- **GIVEN INFORMATION**
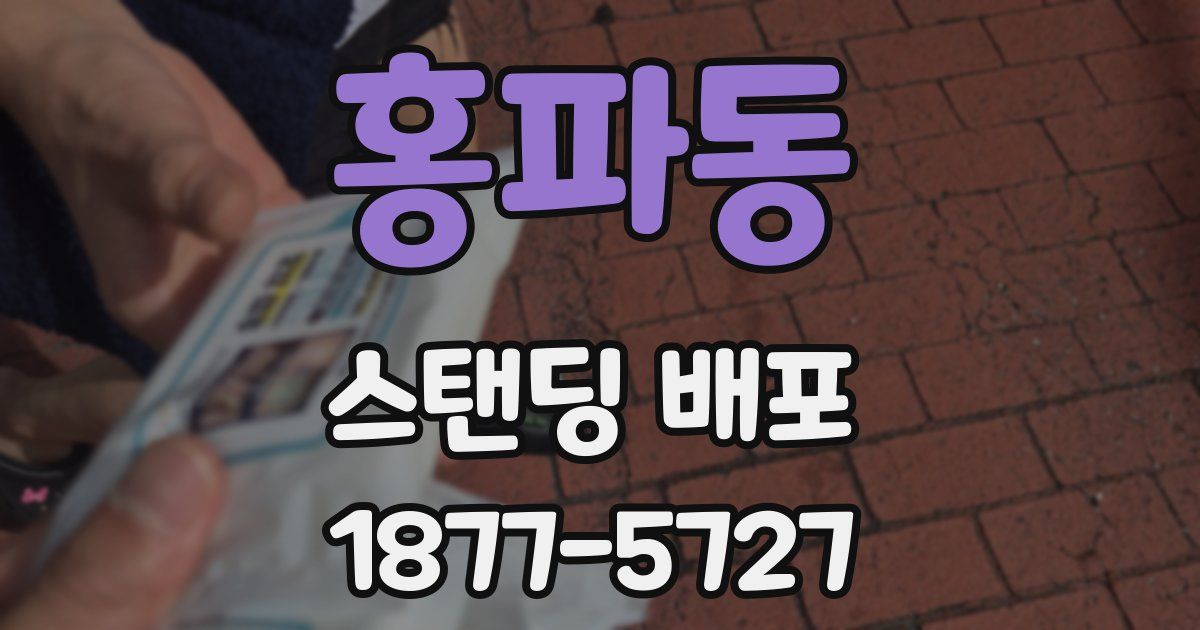 홍파동 스탠딩 배포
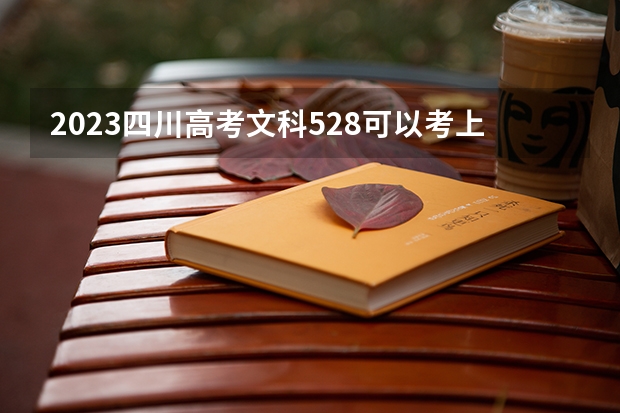 2023四川高考文科528可以考上什么大学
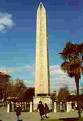 A LARGE PHALLIS IN NEW YORK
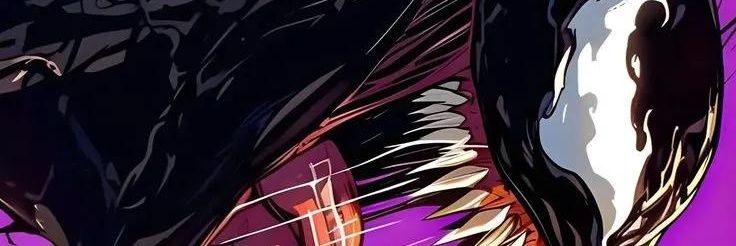 Roberto banner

- **YOUR ASSIGNMENT**
Return the material above in exact form. Pictures stay out.

- **COMPLETED TASK**
 홍파동 스탠딩 배포
 2023四川高考文科528可以考上什么大学
 A LARGE PHALLIS IN NEW YORK
 Roberto banner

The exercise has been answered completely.